For two years, two teams—small armies more like—of scientists had been dueling to reach this epic milestone. In one corner was Collins, the field marshal of the international government-funded alliance to decode human DNA. The prize was a treasure map of the human genome, displaying the order of 3 billion letters of the DNA alphabet (a four-letter code of chemicals abbreviated by A, C, T, and G) bundled into twenty-three pairs of chromosomes.

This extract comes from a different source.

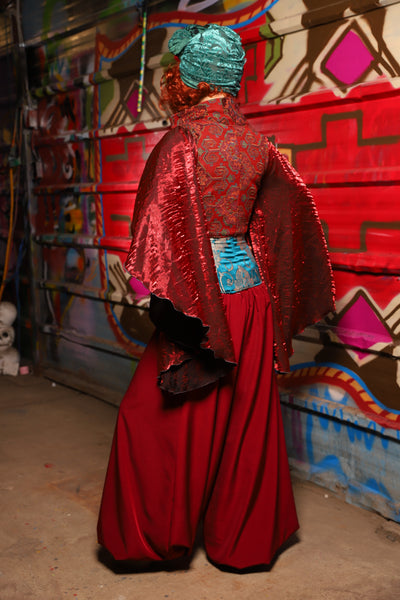 17. Harem Pants in Crimson Matte Reverse Crepe Satin - The Magic Carpet Ride Collection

In the opposite corner was Venter, a maverick scientist/entrepreneur who brazenly launched a hostile takeover of the genome project. He divulged his plans to Collins in the United Airlines lounge at Washington Dulles airport, and then to the world via the front page of the New York Times. His new company, Celera Genomics, vowed to cut through years of government inefficiency and bureaucracy to compile the sequence faster and cheaper using a warehouse full of the latest automated sequencing machines—each named after a sci-fi character—plus a massive Compaq supercomputer to crunch the data. As a consolation prize, Venter said Collins could sequence the mouse genome instead. Almost overnight, the tables had been turned: the “Darth Vader” of genomics had the weaponry and momentum; Collins and his allies were the plucky overmatched rebels with their backs against the wall.